### Data provided

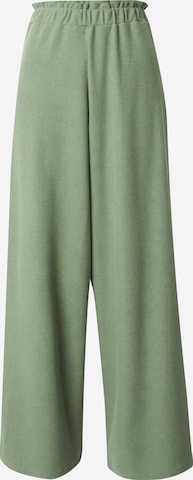 ABOUT YOU - Loosefit Pantalón 'Fotini' en verde: frente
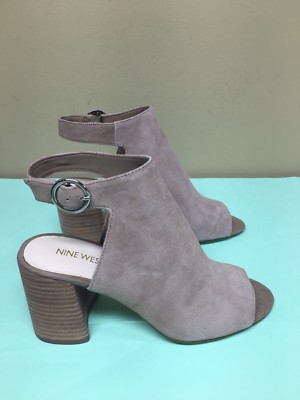 nine west slingback peep toe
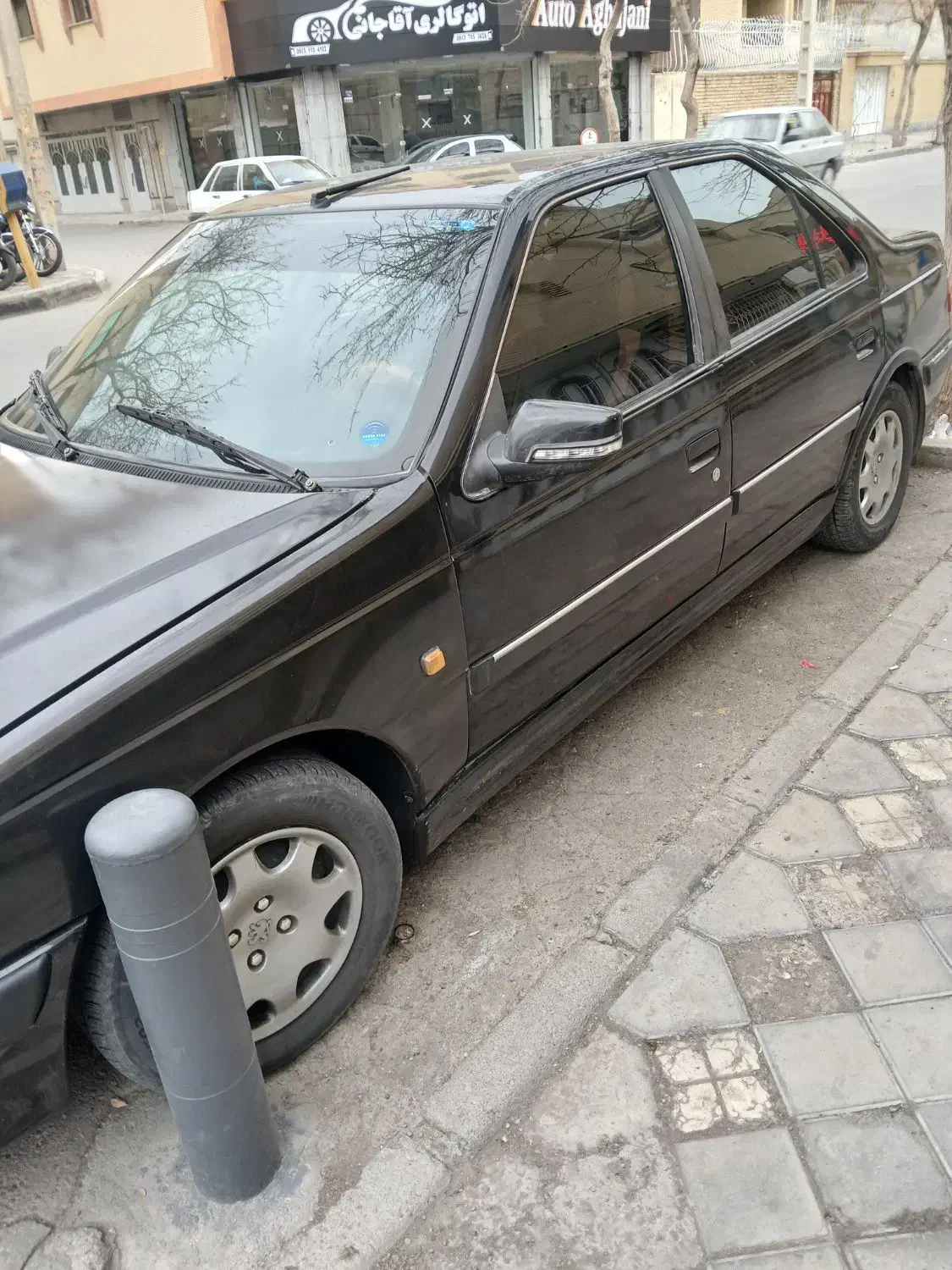 پژو پارس مدل ۹۰|خودرو سواری و وانت|اصفهان, سرشبادران|دیوار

### Task statement
Pictures stay out; reproduce exactly the lines from the one containing "nine west slingback peep toe" through the end of the data.

### Completed task
 nine west slingback peep toe
 پژو پارس مدل ۹۰|خودرو سواری و وانت|اصفهان, سرشبادران|دیوار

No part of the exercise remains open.